Monday, July 05, 2004

Czy chcesz pizze?

Tonight’s dinner was pizza. With all the trepidations surrounding the painting job (see post below), I didn’t have the mind nor the muscle to think about food preparation. So I went to a local pizza place to pick up my order (I am the only one in town, in the country probably, who has never in her entire American life (they don’t do pizza delivery in Poland) ordered a pizza delivery; one quick drive will get me a pie fresh from the oven, so why would I opt for a delivery?).

I wore my “Prawa kobiet prawami czlowieka” t-shirt tonight. Most people pick the next clean t-shirt in the stack to throw on. I choose mine deliberately. I wear the Polish one whenever I miss my connections to that country. [the translation of the words is “women’s rights are people’s rights.” The shirt comes from a friend who works at the Center for Women’s Rights in Warsaw and if you knew how incongruous it is to talk of women’s rights in the Polish context, you’d appreciate how much this t-shirt means to me. It is fading considerably from overuse.]

As I claimed my pizza, the young man said to me “ty rozmawiasz po Polsku?” He had a slight American accent, but he was otherwise quite fluent (translation: you speak Polish, don’t you?).

It turns out that he is a Wisconsin guy who had decided, while in college at UW-Stevens Point, to learn Polish. Eventually, he spent his junior year in Poland. Okay, so he is now dishing out pizza – not a great ad for choosing Polish as you major. But I’m sure he’ll move on to bigger and better things any day now.

I have, until this day, in my many years in this country, met only two people who had had no connection to Poland but had decided to learn the language nonetheless. Both were sociologists who chose to do research in Poland. This young man today will make it a pack of three who will have deliberately studied Polish.
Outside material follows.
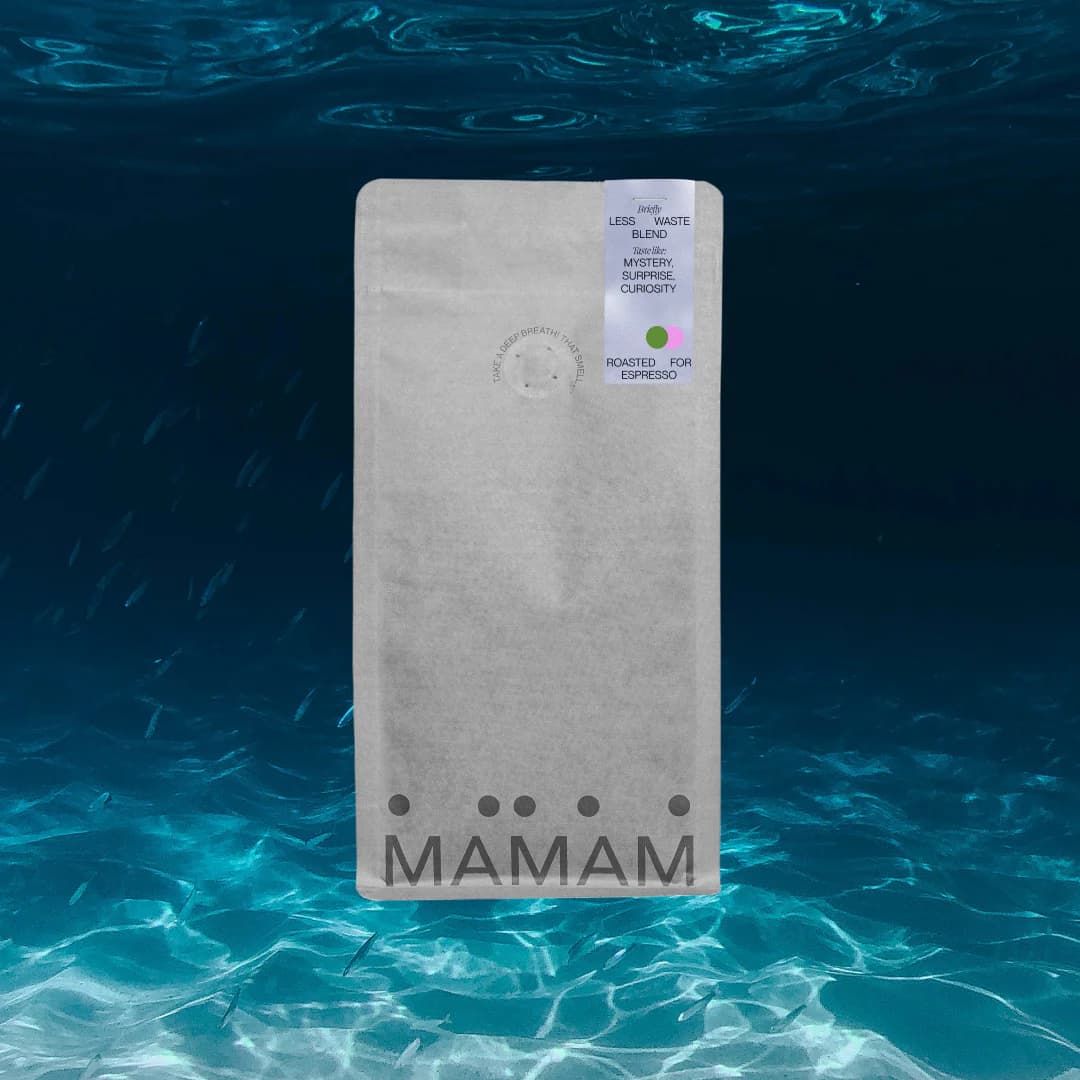 LESS WASTE - kawa od Mamam Coffee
I asked how it could be that he spoke Polish so well. The language is exceedingly hard for Americans, in part because of the conjugation principles (you conjugate nouns as well as verbs, so that if you say “I sit on top of the table” or “I sit under the table,” the word “table” will take on a different form; this additional grammatical idiosyncrasy drives English speaking people completely nuts). He answered simply “jestem bardzo inteligentny” (=I am very intelligent). Indeed!

This was supposed to be quick and easy

I have been repainting some of the rooms in the house this year. My study got the greenish-yellow treatment this winter and today I attacked a room that is mostly used as a bedroom for visitors (one such person is coming later this week). It hadn’t been painted for more than 15 years and there is an entire area where it looks like someone was systematically checking to see how many footprints could fit in a small space underneath the window.

First step: get a nice creamy-toned paint. I did that back in March (it was to be a Spring Break project).


paint's ready Posted by Hello

Second step: tape the window frames, doors and baseboards. Done yesterday.

Third step: patch holes in drywall. Yep.

Fourth step: move furniture around. Here I encountered a major snag:


wait a minute, it's not supposed to look like this Posted by Hello

As you can see, the bed completely fell apart (actually in several places). True, it was one of those Danish teak things that isn’t terrifically sturdy and it had some years on it, but it had seemed perfectly content sitting in its spot for years and years. No one knew it had a problem until it came time to move it. Then it just sort of collapsed.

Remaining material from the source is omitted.